Les chercheurs ont constaté qu'une protéine NOD2 appelé déclenche une molécule interleukin-32 appelé de cellule-signalisation qui induit les monocytes appelés de cellules immunitaires générales pour aller bien aux cellules dendritiques information-transportantes spécialisées.

« C'est la première fois que cette voie de infection-combat efficace avec des cellules dendritiques a été recensée, et expliquée pour être importante en combattant la maladie humaine, » a dit la première auteur Mirjam de l'étude Schenk, le chercheur post-doctoral, division de la dermatologie, École de Médecine de David Geffen à l'UCLA.

En entreprenant l'étude, les scientifiques ont employé des monocytes pris du sang des donneurs sains et des patients de lèpre et ont incubé les cellules avec l'agent pathogène M. Leprae ou les parties spécifiques des mycobactéries, connues pour déclencher NOD2 et TLR2, les deux associés à l'activation de système immunitaire.

Les scientifiques ont voulu vérifier comment ces protéines pourraient déclencher les mécanismes qui mettent en marche les différents récepteurs immunisés qui identifient les parties spécifiques du microbe dans une infection. La voie de NOD2 interleukin-32 était les monocytes les plus efficaces et les plus entraînés de se développer en cellules dendritiques qui diffusent des données critiques au sujet de l'agent pathogène aux lymphocytes T.

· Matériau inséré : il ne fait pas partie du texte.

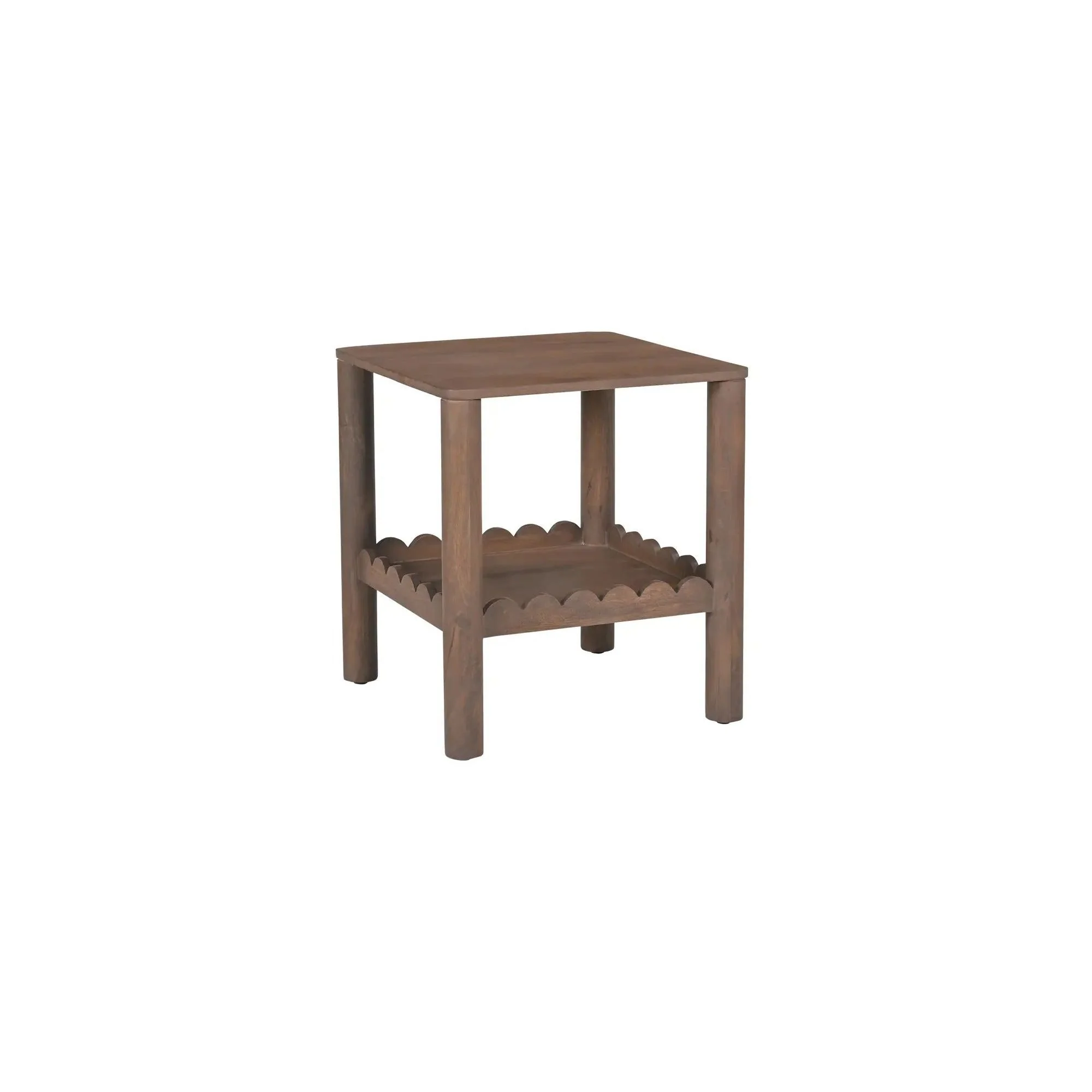 Moe's Home Collection Wiley Vintage Brown Side Table - Image 3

L'équipe a étudié les profils d'expression du gène des voies protéine-déclenchées et puis a également examiné comment les monocytes des patients de lèpre ont répondu à NOD2. Les scientifiques ont constaté que NOD2 a fonctionné pour induire des moncytes aux cellules dendritiques dans la lèpre de tuberloid, une infection plus bénigne qui plus facilement est contenue. La voie NOD2 a été empêchée et ne pourrait pas être activée dans la lèpre lépromateuse, qui est plus sérieuse et entraîne l'infection répandue dans tout le fuselage.

« Nous étions étonnés de trouver le pouvoir élevé des cellules dendritiques en déclenchant certaines réactions à cellule T spécifiques, qui peuvent être utiles en développant des stratégies thérapeutiques neuves pour les maladies infectieuses et le cancer, » avons dit M. supérieur Robert Modlin de chercheur, professeur de Klein de l'UCLA de la dermatologie et responsable de la dermatologie à l'École de Médecine de Geffen.

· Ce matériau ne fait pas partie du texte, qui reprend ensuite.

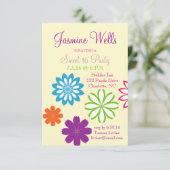 誕生日パーティーの招待状| 'スイーかわいらしト' 16 招待状 (スタンド正面)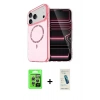 MARSİLYAN™- iPhone 17 Pro Kılıf Kıvılcım Form Prime - Şeffaf Pasifik Cam Ekran Koruyucu + Raze Metal Kamera Lens - GS
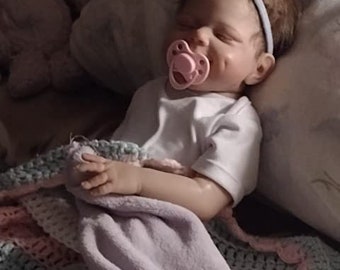 Reborn Baby Doll, Realistic Soft Vinyl Silicone,Gift for 3+ Year Old Girls,Real Picture,Hand Made Girl/Boy Doll,Reborn Baby Doll Realistic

La lèpre, une des maladies connues les plus anciennes du monde, est une maladie infectieuse continuelle qui affecte la peau, les nerfs périphériques, les voies respiratoires supérieures et les yeux et peut mener à la défiguration des mains, de la face et des pieds. En 2008, approximativement 249.000 cas neufs de lèpre étaient mondiaux rapporté, selon l'Organisation Mondiale de la Santé.

Modlin ajoute que la lèpre est un bon modèle pour étudier les mécanismes immunisés dans la défense du hôte puisqu'elle présente comme spectre clinique qui marque avec le niveau et le type de réaction immunitaire de l'agent pathogène.

La prochaine étape de la recherche concernera essayer de comprendre davantage comment manipuler le système immunitaire inné pour induire une réaction immunitaire efficace dans des infections humaines et probablement pour l'immunothérapie du cancer aussi bien.